Я очень любил его. Может быть, и потому, что он особенно глубоко воспринимал каждый мой совет: это не может не нравиться педагогу. Я видел, как юноша рос, и понимал, что растет он под моим воздействием. Иногда это воздействие было слишком прямолинейным. Например, в стихотворении «Тигр в зоопарке». Но все же развивался Павел вполне самостоятельно, и я ждал от него многого.
В моей работе со студентами я избегал проповедей и воскресных истин, но одну идею внушал им постоянно: если хотите быть нужными своему времени, мыслите себя как людей своего поколения. Павел Коган понял свое поколение как людей, которым предстоит принять на плечи всю огромную тяжесть будущей войны. Эта мысль для Когана стала магистральной. Ей посвящены лучшие его стихи. Невозможно забыть эти строчки:
Мы, лобастые мальчики невиданной революции,
В десять лет мечтатели,
В четырнадцать — поэты и урки,
В двадцать пять — внесенные в смертные реляции.
Мое поколение —
это зубы сожми и работай,
Мое поколение —
это пулю прими и рухни.
Люди моего поколения, то есть поколения отцов, не написали бы последней строчки: мы чувствовали иначе. В одном из своих ранних стихотворений я, например, писал:
Мне солнце улыбнется,
Я радость караулю.
А пулю съесть придется —
Переварю и пулю.
Павел Коган ощущал войну трагичнее. Но это не значит, что он отдавал дань романтической жертвенности. В том же стихотворении он говорит:
И когда мне скомандует пуля «не торопиться»
И последний выдох на снегу воронку выжжет
(Ты должен выжить, я хочу, чтобы ты выжил),
Ты прости мне тогда, что я не писал тебе писем.

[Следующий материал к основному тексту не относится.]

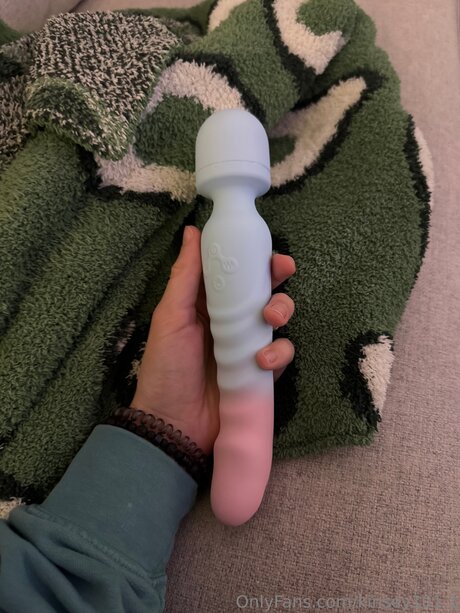 Kinsey101 1 onlyfans leaks nudes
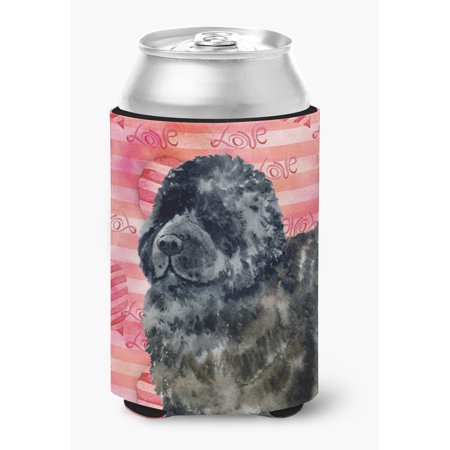 Can or Bottle Hugger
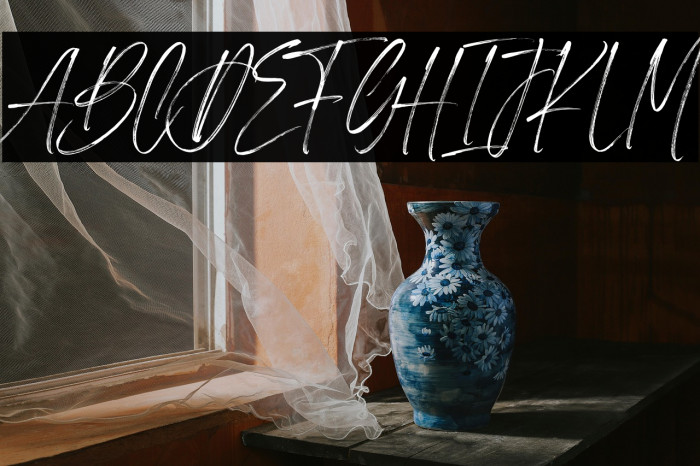 Pineapple Palm Tree Demo Example 1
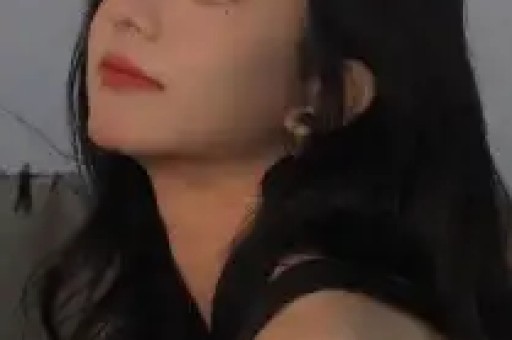 百万粉网红拿粉丝千万打赏替自己捐1047万博美名自掏仅47万！这波操作是把网友当傻子耍？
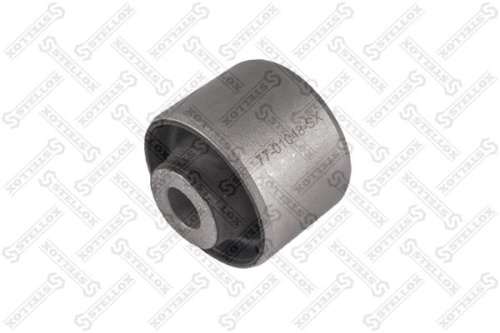 5571872a804af9945e3253ee7555dabb4ff74c9c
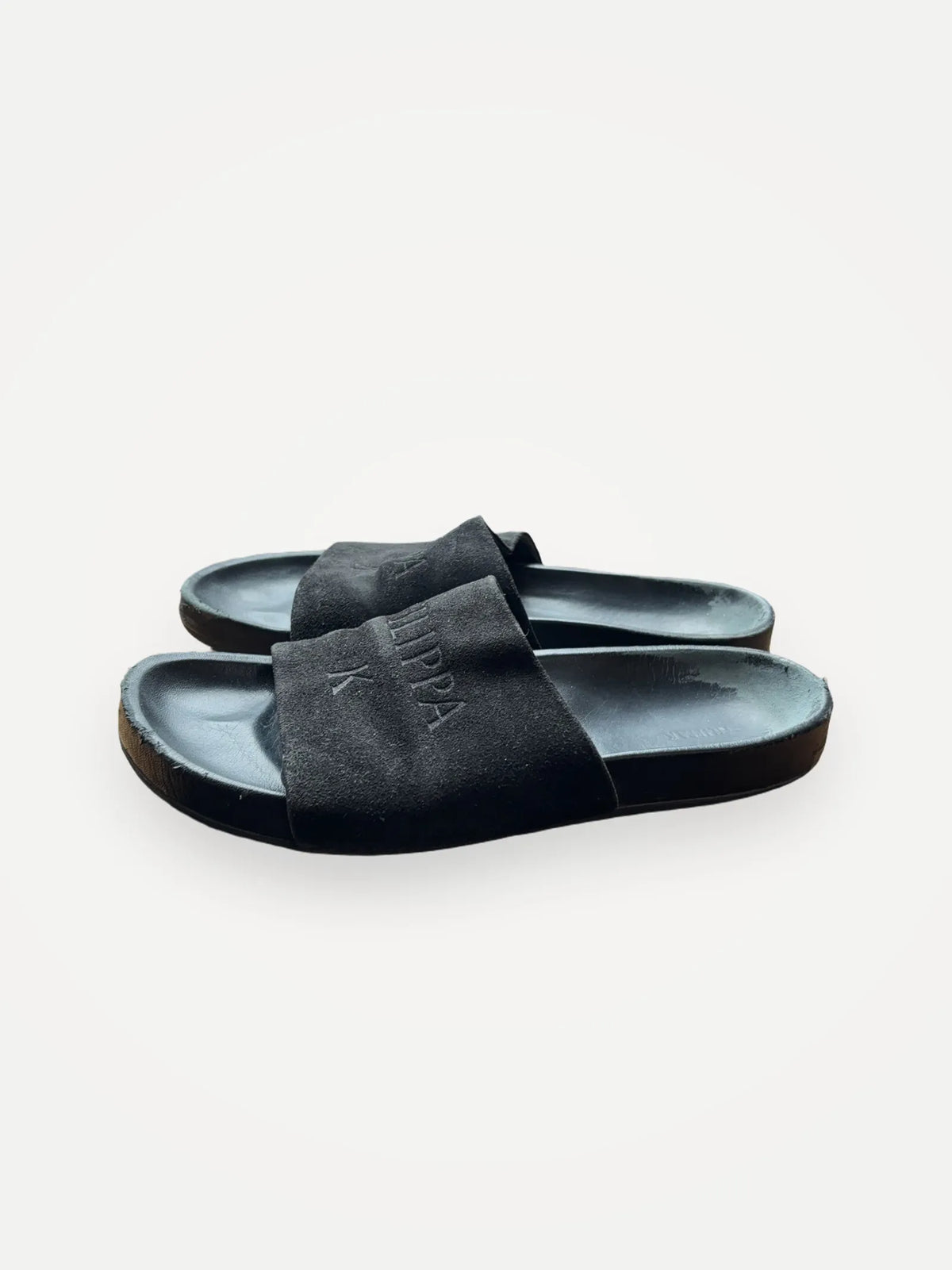 Filippa K-sandaler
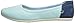 Helly Hansen Women's Harmony Slip-On Shoe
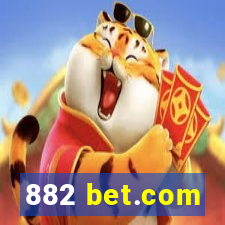 882 bet.com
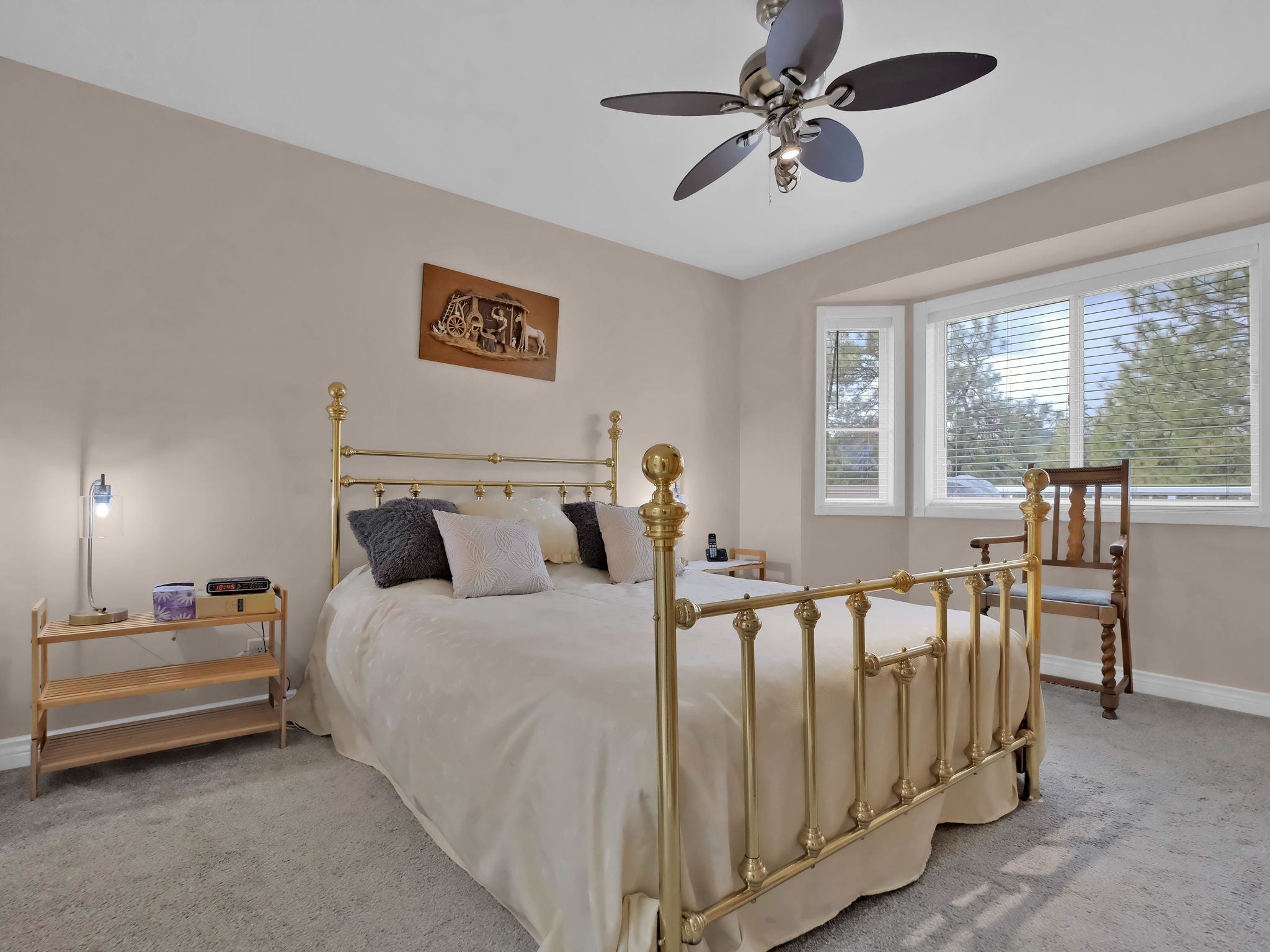 1634 Carmi Avenue 143 Penticton V2A 8K5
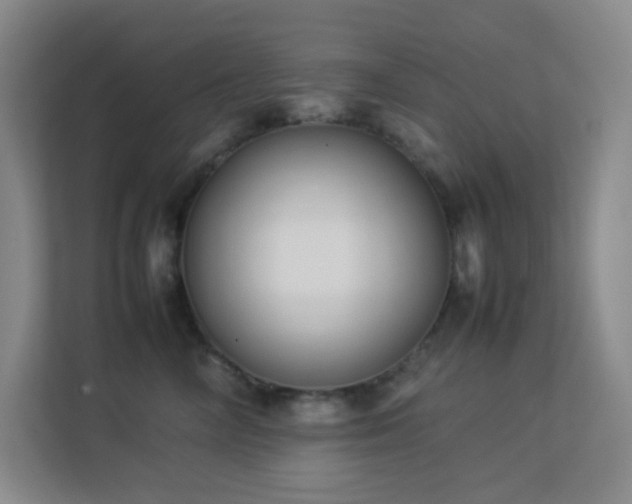 X0000113890714200909241417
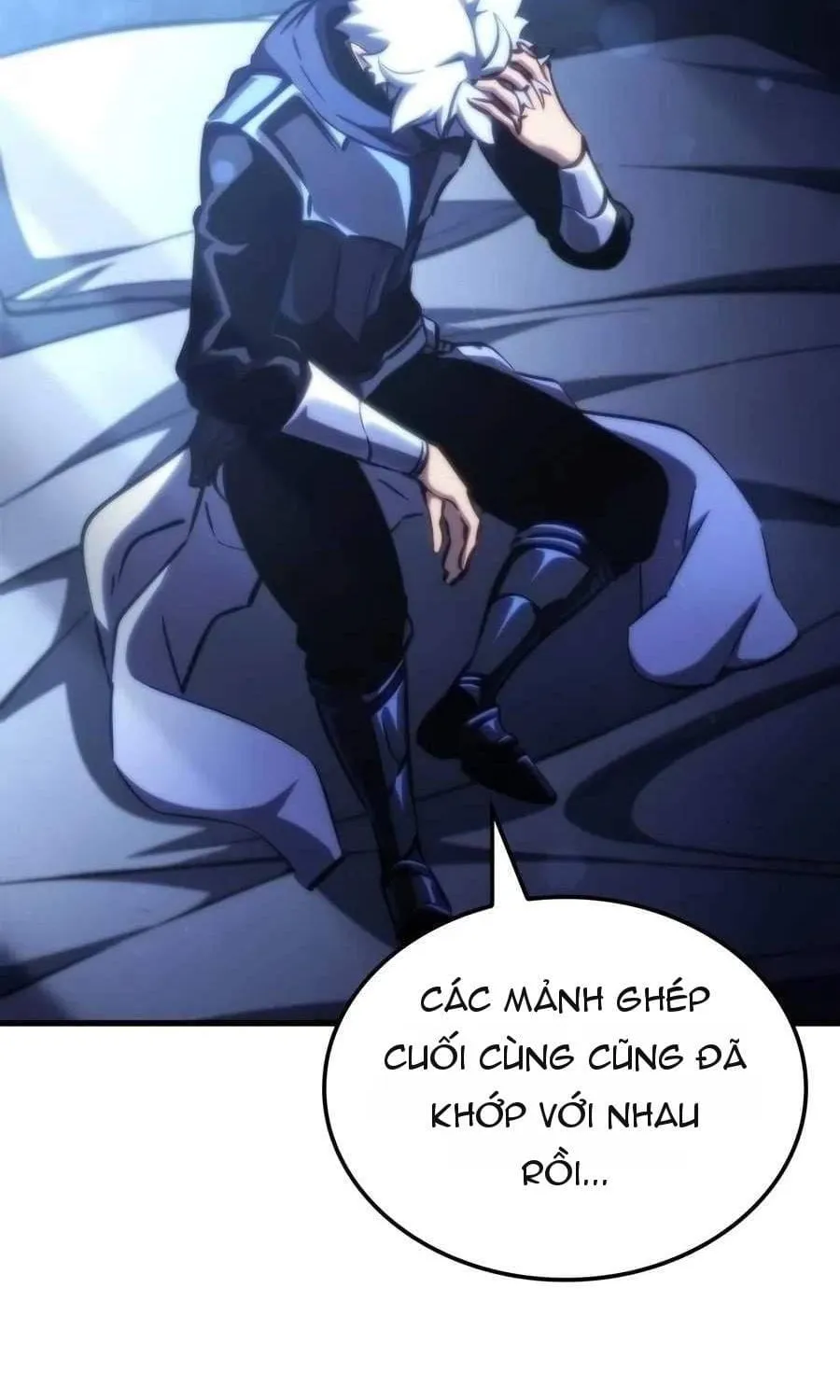 Chapter 125 - Trang 95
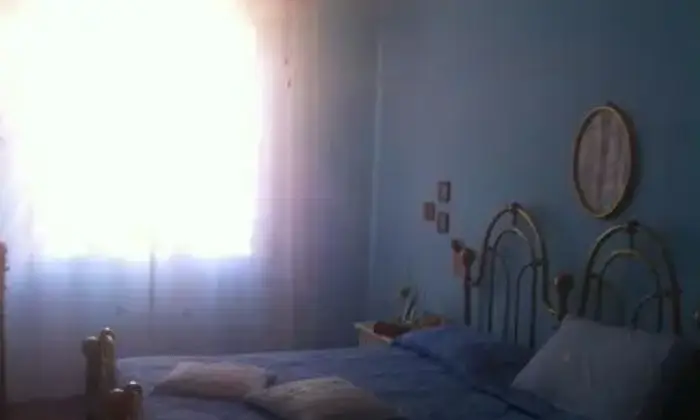 Rexer-Perugia-Signorile-appartamento-CAMERA-DA-LETTO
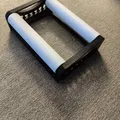 5Kg Spool Roller - Thumbnail 2
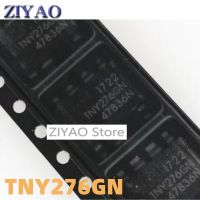 1ชิ้น TNY276GN TNY276 SMD SOP-7 TNY276G ชิปจัดการพลังงาน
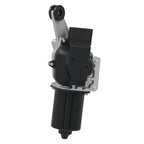 Front Windshield Motor for Chevrolet Equinox GMC Terrain (2010-2016)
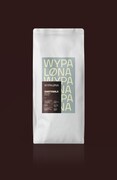 Kawa Gwatemala Daily Shot espresso 1kg Wypalona Coffee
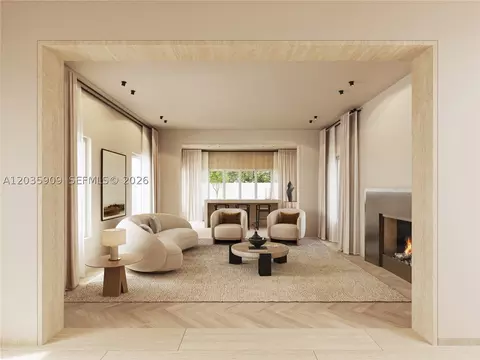 2534 Flamingo Dr, Miami Beach, FL 33140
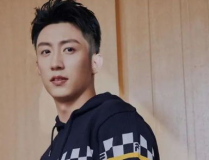 吃瓜娱乐黄景瑜,吃瓜娱乐背后的实力派演员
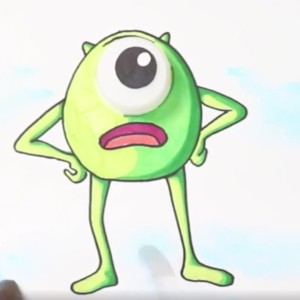 UU(^0^)*的钢琴谱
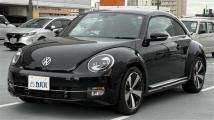 2015 Volkswagen Volkswagen Others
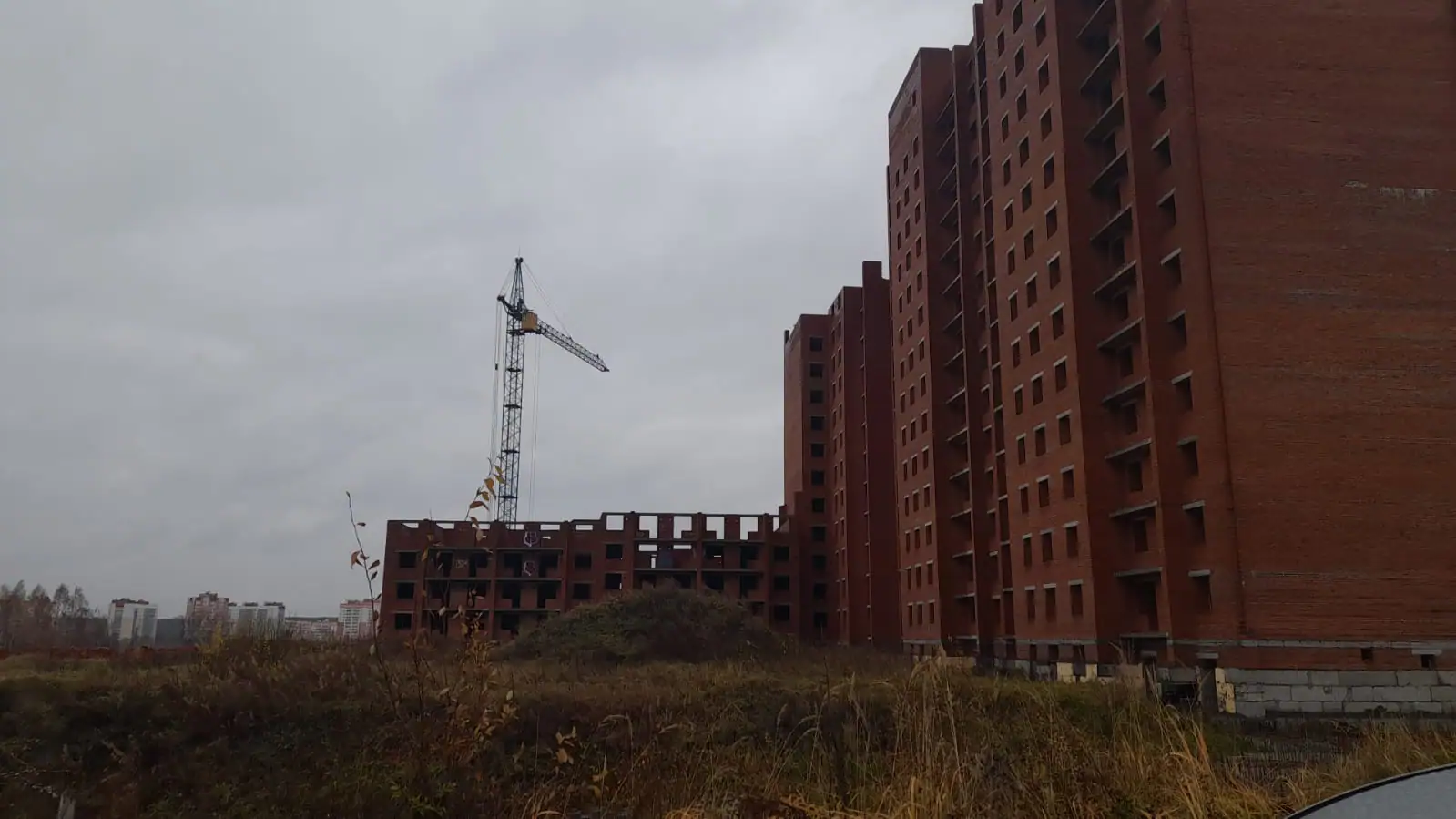 октябрь, 2025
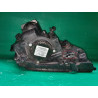 CHEVROLET CAMARO LEFT LED XENON HEADLIGHT 2010-2013 GM 20981021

Здесь очень просто и в то же время очень патетически выражено чувство целого с коллективом, с полком, с народом: сосед должен выжить, даже если я погибну, должен, чтобы победить! Это стихотворение стало пророческим: Павел Коган погиб на фронте под Новороссийском, но сосед его, но полк его, но народ его выжил и победил.